(Web page caption snippets)

*** Block opens ***

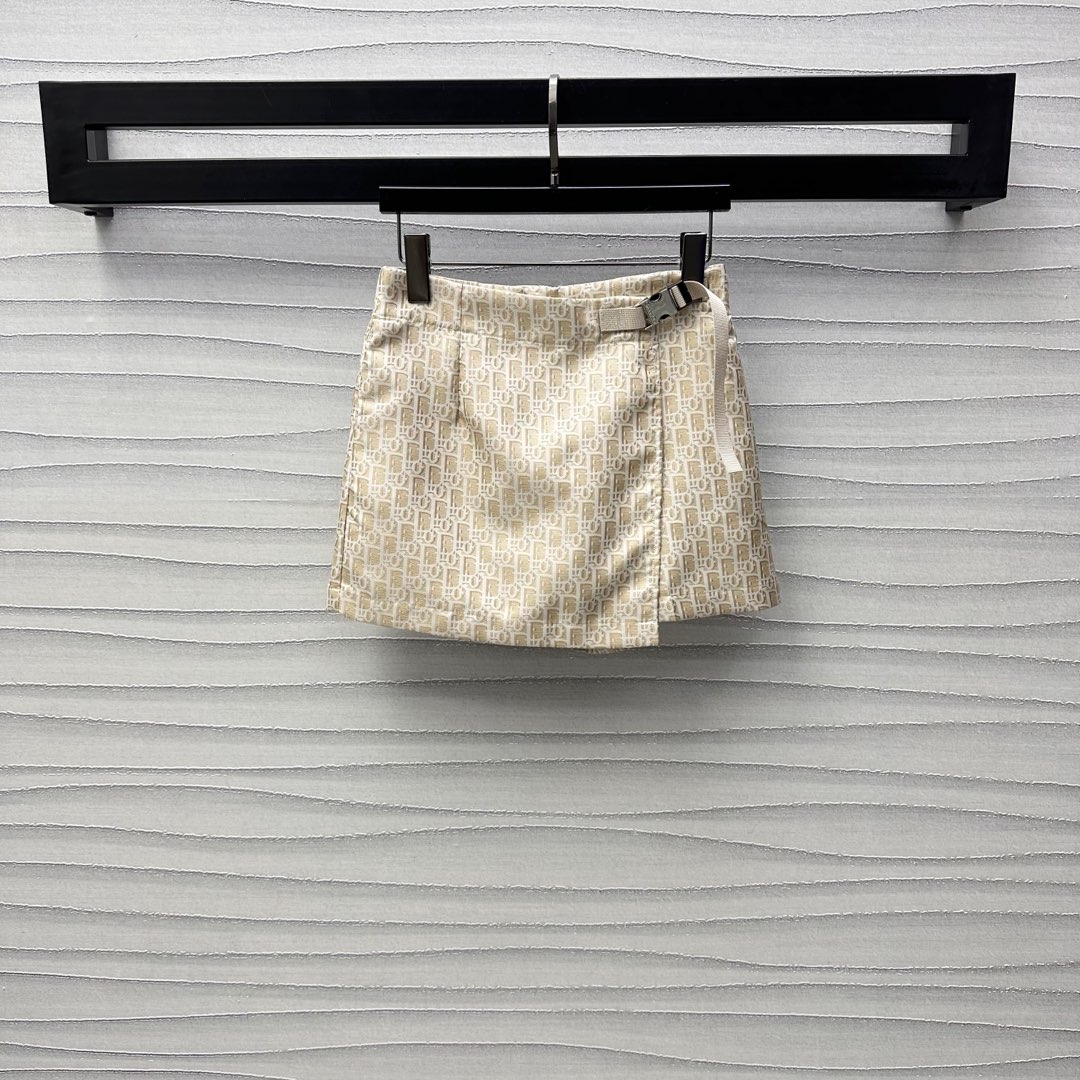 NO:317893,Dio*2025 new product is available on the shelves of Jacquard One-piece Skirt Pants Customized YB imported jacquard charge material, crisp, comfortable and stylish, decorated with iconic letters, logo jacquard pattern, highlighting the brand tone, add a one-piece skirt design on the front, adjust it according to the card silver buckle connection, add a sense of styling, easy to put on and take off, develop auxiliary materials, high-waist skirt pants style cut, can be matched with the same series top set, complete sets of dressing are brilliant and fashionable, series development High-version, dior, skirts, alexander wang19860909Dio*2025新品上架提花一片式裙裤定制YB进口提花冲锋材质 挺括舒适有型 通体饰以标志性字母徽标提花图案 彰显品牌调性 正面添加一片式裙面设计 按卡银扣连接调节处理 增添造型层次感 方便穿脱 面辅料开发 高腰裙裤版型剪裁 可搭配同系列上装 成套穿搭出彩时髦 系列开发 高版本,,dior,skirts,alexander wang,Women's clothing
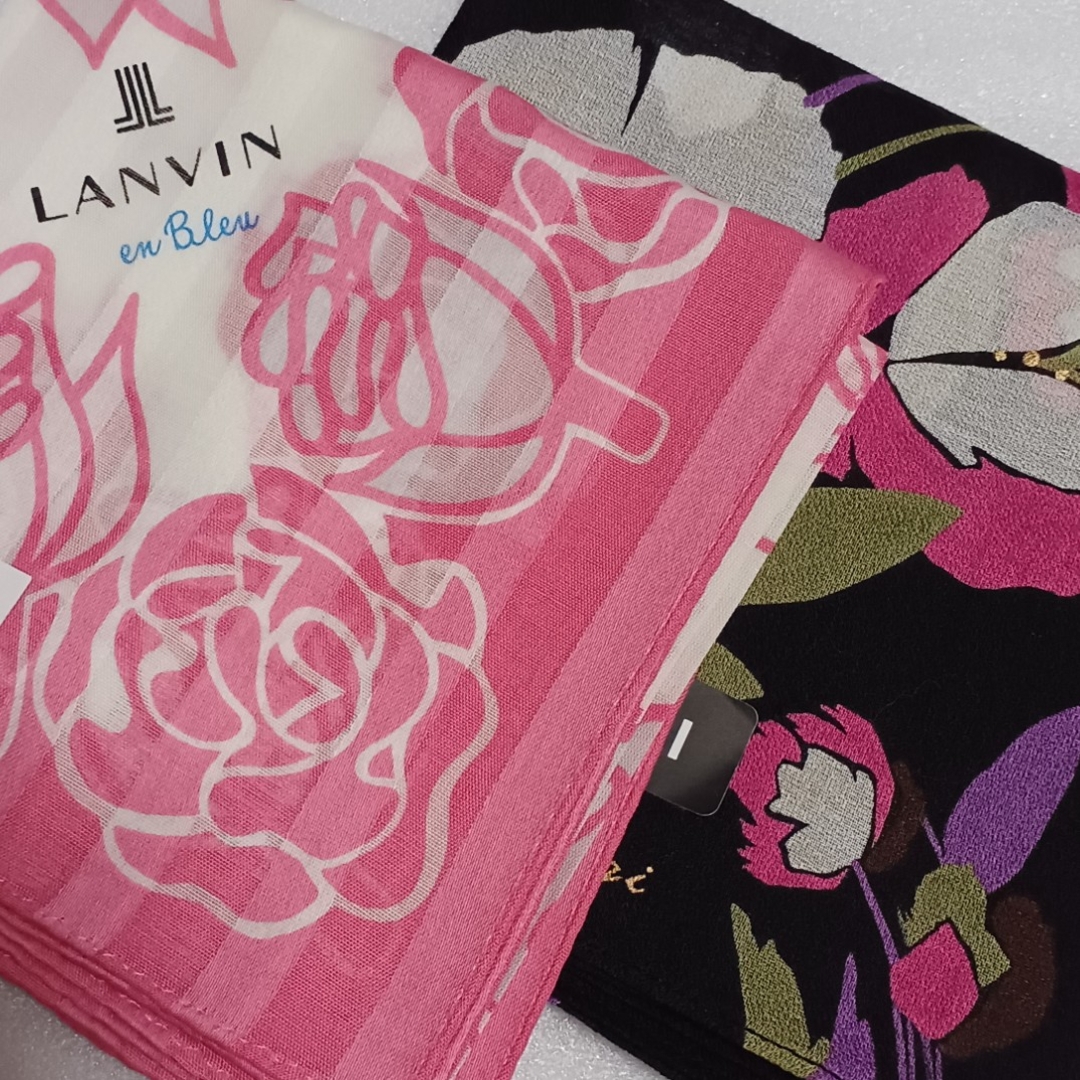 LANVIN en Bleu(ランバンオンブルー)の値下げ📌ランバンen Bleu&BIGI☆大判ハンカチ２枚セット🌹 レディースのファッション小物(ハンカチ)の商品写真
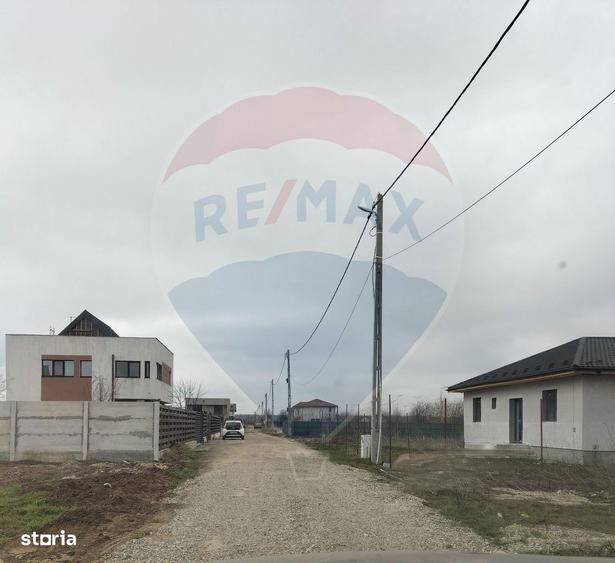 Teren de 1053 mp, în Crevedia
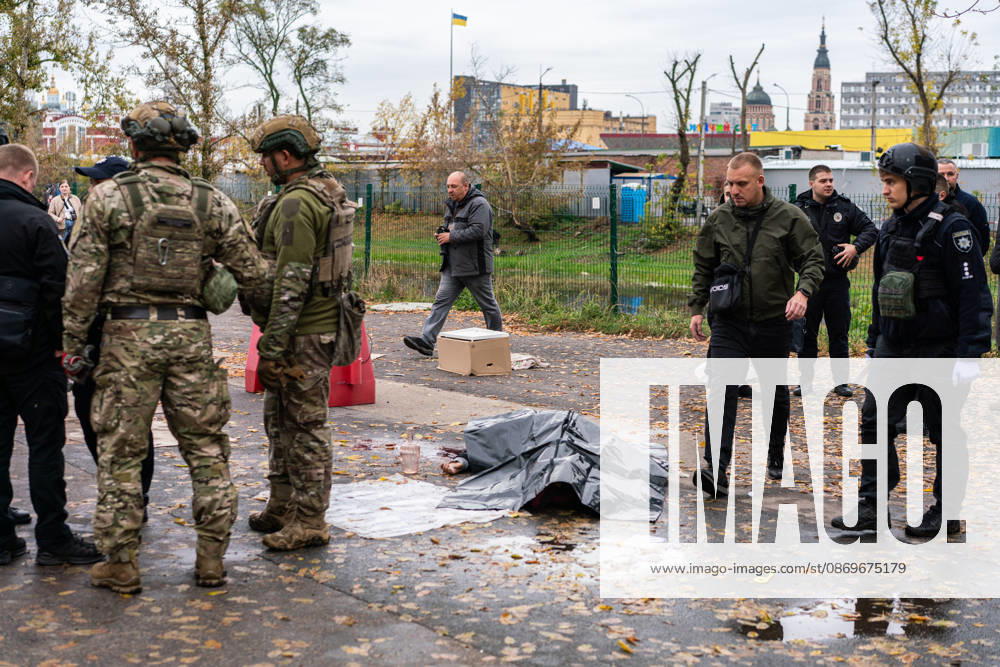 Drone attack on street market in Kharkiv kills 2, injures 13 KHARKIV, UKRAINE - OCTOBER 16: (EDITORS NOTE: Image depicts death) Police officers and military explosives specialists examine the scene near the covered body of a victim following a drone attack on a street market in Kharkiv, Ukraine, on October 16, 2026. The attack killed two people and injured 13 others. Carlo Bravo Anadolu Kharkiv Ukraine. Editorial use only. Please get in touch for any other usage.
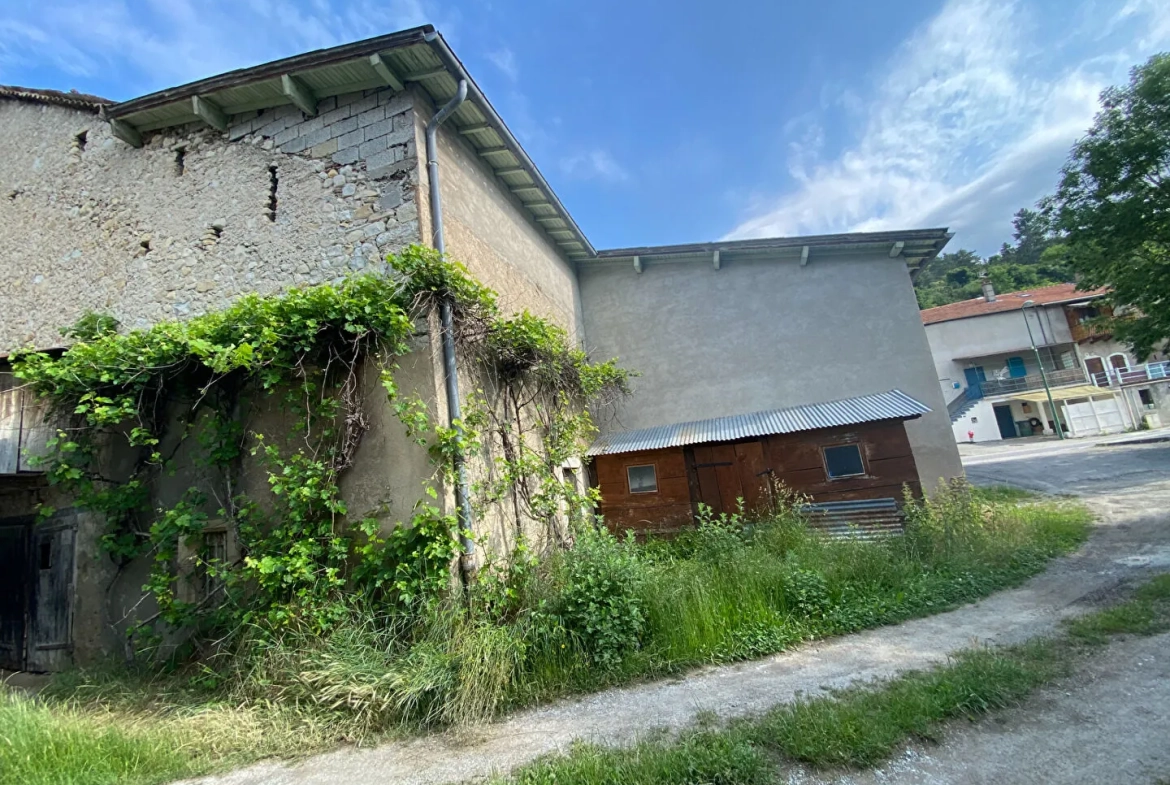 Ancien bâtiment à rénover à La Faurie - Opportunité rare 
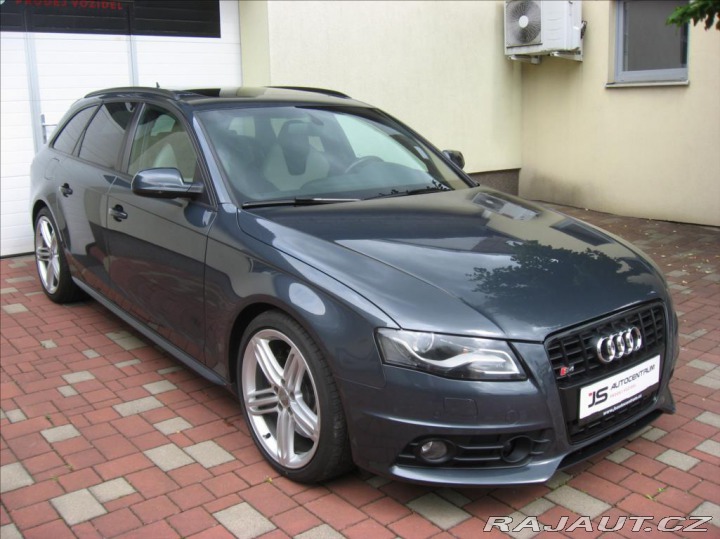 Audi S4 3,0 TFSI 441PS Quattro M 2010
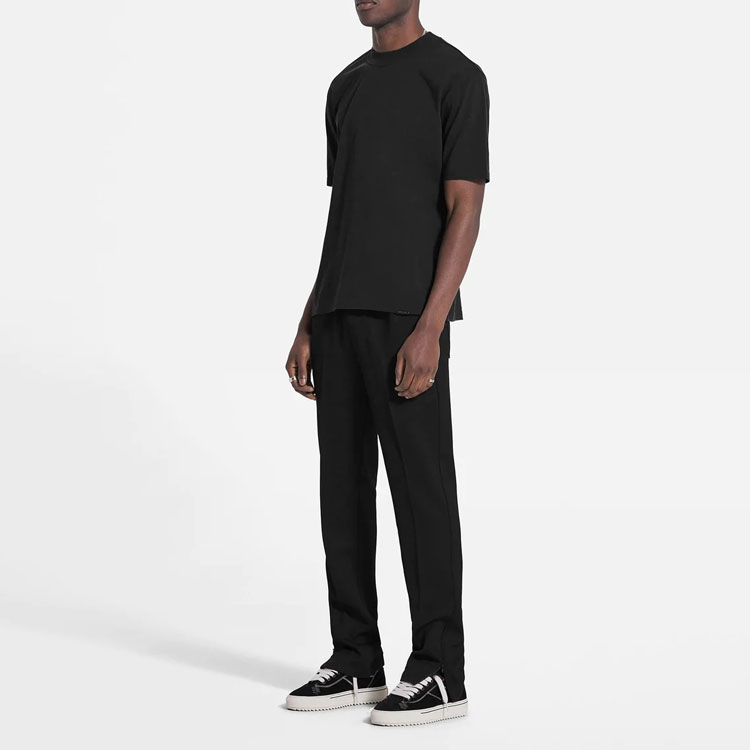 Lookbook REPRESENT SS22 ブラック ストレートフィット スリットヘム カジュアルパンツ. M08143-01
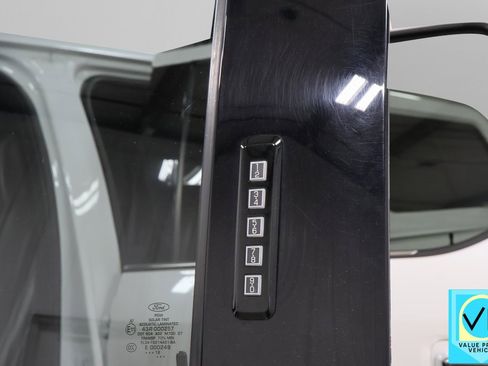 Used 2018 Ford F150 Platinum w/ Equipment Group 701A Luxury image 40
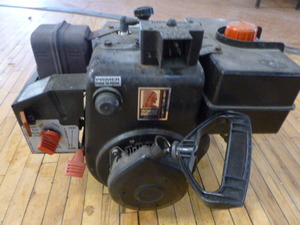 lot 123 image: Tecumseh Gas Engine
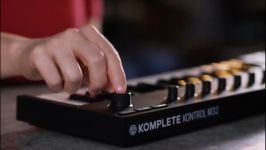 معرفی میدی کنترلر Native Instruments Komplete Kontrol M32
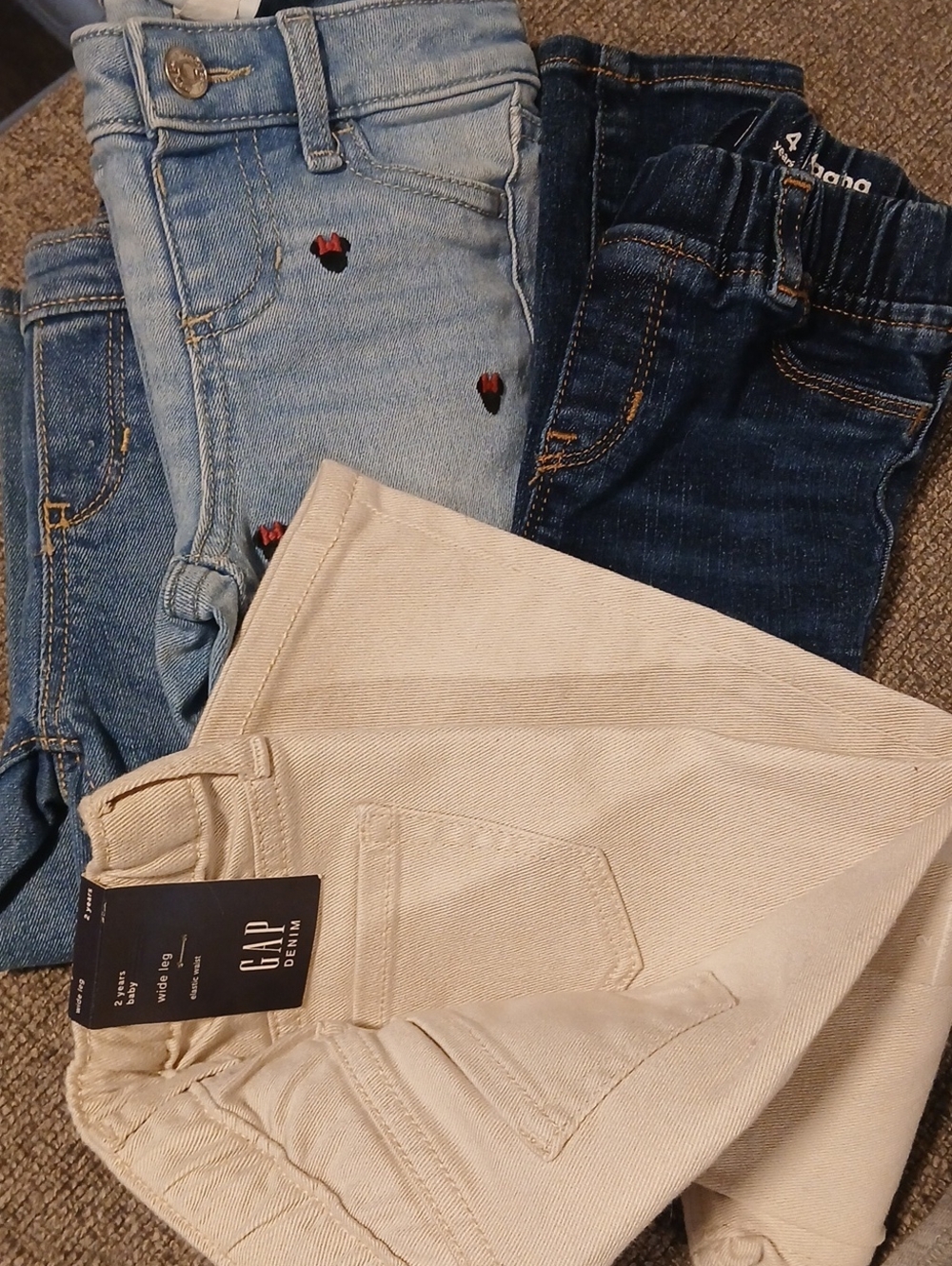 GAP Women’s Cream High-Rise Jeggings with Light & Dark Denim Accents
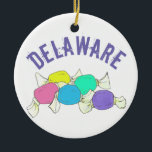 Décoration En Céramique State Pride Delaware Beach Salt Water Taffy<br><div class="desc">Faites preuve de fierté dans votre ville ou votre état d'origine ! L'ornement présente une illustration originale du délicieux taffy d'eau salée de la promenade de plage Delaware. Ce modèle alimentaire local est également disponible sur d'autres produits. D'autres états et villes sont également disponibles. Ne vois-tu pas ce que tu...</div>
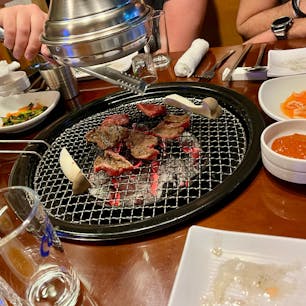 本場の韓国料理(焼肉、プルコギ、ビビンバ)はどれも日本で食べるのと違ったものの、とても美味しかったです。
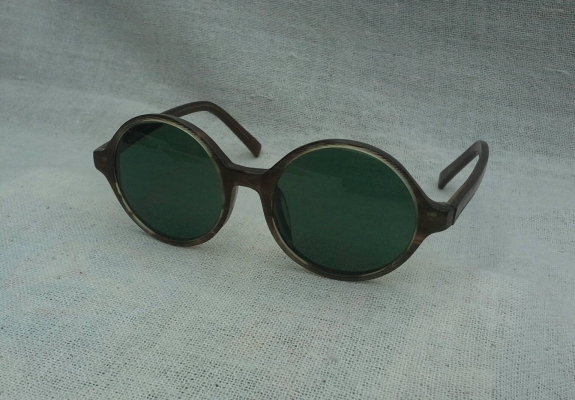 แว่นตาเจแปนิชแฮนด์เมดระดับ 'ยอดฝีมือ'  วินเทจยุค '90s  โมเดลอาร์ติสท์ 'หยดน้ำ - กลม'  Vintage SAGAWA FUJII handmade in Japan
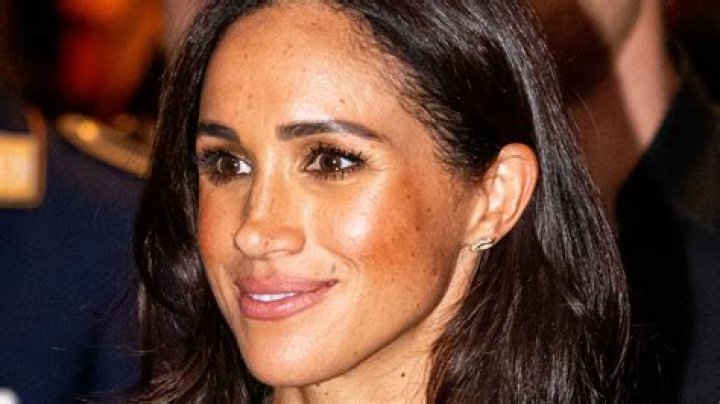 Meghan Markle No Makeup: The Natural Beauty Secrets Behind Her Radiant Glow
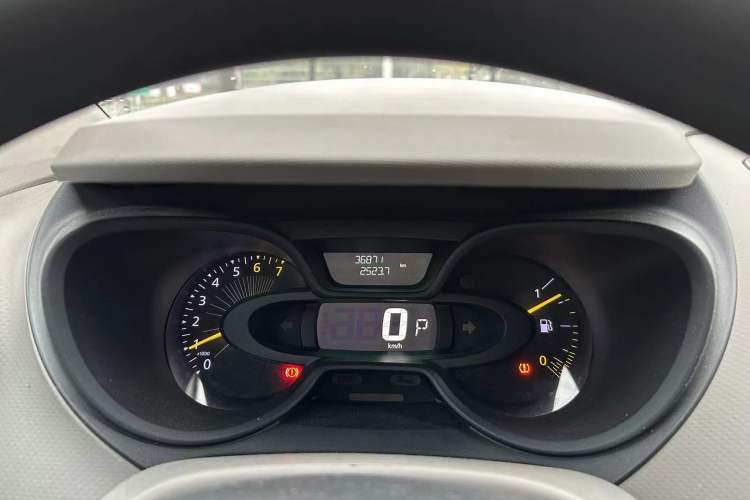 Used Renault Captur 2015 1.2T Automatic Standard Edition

*** Block closes ***

§ **Work order**:
Pictures in the entries do not go into the copy. Print only the lines starting at the one containing "معرفی میدی کنترلر" and ending at the one containing "GAP Women’s Cream", exactly as they appear.

§ **Response for this exercise**:
 معرفی میدی کنترلر Native Instruments Komplete Kontrol M32
 GAP Women’s Cream High-Rise Jeggings with Light & Dark Denim Accents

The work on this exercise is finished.